Selain layar, Sandeq juga memiliki cadik yaitu bilah yang dipasang di salah satu atau kedua sisi kapal yang digunakan untuk menyelaraskan perahu dengan ombak dan arus. Bilah ini berupa batangan atau lambung yang memiliki ukuran lebih kecil jika dibandingkan perahu itu sendiri. Fyi, cadik adalah teknologi bahari di masa lalu, Gaes.

Perahu ini memiliki bentuk yang runcing atau ramping, sesuai dengan namanya yaitu Sandeq yang dalam Bahasa Mandar berarti runcing (Foto : ujungjari)

Penggunaan cadik bisa membuat Sandeq bisa menjelajahi berbagai jenis perairan, mulai dari laut dalam, laut dangkal, pesisir coral, hingga pertemuan arus laut. Selain itu, cadik bisa mengurangi risiko perahu terbalik ketika diterjang ombak.

Memiliki lebar lambung antara 0,5 – 1 meter, tidak lantas menjadikan Sandeq sebagai perahu bermuatan sedikit. Perahu layar dengan panjang 5 hingga 15 meter ini bisa mengangkut beban mulai dari ratusan kilogram hingga 2 ton lebih, loh.

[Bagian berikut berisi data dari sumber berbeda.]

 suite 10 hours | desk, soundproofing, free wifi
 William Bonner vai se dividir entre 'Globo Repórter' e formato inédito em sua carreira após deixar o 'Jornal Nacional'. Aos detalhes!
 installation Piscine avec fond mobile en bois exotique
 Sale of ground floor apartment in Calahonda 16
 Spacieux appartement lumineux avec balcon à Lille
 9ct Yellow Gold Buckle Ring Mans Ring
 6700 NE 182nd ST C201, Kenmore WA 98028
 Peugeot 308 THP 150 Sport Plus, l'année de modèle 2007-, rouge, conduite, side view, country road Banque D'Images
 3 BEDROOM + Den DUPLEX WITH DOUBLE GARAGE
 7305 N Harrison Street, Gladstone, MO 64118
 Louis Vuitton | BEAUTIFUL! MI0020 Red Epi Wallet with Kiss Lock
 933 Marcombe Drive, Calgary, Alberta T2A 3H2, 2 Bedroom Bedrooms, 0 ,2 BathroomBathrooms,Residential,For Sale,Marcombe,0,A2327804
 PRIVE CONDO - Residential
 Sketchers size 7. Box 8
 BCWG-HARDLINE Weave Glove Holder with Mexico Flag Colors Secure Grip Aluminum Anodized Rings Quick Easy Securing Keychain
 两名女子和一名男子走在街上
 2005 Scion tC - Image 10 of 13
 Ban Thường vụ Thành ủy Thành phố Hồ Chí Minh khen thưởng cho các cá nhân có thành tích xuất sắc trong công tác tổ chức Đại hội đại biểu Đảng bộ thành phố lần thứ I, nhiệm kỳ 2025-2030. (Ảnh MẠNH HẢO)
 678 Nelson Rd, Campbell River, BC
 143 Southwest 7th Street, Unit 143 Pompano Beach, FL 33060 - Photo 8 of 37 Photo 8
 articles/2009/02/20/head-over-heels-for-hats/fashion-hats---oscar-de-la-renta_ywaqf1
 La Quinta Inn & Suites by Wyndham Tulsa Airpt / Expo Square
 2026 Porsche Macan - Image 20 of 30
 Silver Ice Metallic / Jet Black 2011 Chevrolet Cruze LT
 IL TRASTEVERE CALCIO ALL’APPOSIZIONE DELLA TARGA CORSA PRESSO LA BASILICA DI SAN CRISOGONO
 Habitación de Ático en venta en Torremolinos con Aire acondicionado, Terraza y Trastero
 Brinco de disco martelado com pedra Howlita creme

Hal ini sesuai dengan tujuan pembuatan Sandeq yaitu sebagai sarana bagi para nelayan untuk mencari ikan di lautan. Sandeq juga digunakan sebagai alat transportasi bagi para pedagang untuk menjual hasil bumi. Bahkan di masa lalu, para pedagang Suku Mandar menggunakan Sandeq untuk berburu rempah-rempah hingga ke Ternate dan Tidore.

Bukan itu aja, Gaes. Selain sebagai alat untuk menerjang ombak di lautan, perahu ini ternyata punya fungsi lain, loh. Misalnya, untuk memasang perangkap telur dari rangkaian daun kelapa dan rumput laut, ketika musim ikan terbang bertelur.

Sandeq juga memiliki kemampuan unik, yaitu dapat berlayar melawan arah angin dengan teknik berlayar zig zag atau dalam Bahasa Mandar disebut makkarakkayi. Kemampuan melawan angin dan gelombang ini membuat Sandeq sangat bermanfaat saat mengejar kawanan ikan tuna.

Tidak sekedar menjadi sarana untuk mencari nafkah, Sandeq juga digunakan untuk hiburan. Ketika cuaca kurang bersahabat dan para nelayan terpaksa libur melaut, biasanya mereka akan mengadakan lomba adu kemampuan manuver. Passandeq (awak perahu Sandeq) yang berjumlah 8 orang termasuk kapten, akan saling bekerjasama untuk membaca arah angin dan menentukan teknik manuver. Ini membutuhkan ketelitian, kemampuan memimpin, kerja sama, hingga kemampuan saling mengimbangi.

Lomba yang di masa sekarang lebih dikenal dengan Sandeq Race ini biasanya diadakan untuk menyambut peringatan HUT Republik Indonesia. Ratusan Sandeq akan ikut serta dan menjadi salah magnet Pariwisata Indonesia di Sulawesi Barat.

Kalo berminat menyaksikannya, jangan lupa untuk menjadwalkan kunjungan lo ke provinsi yang beribukota di Mamuju ini, ya Gaes ya.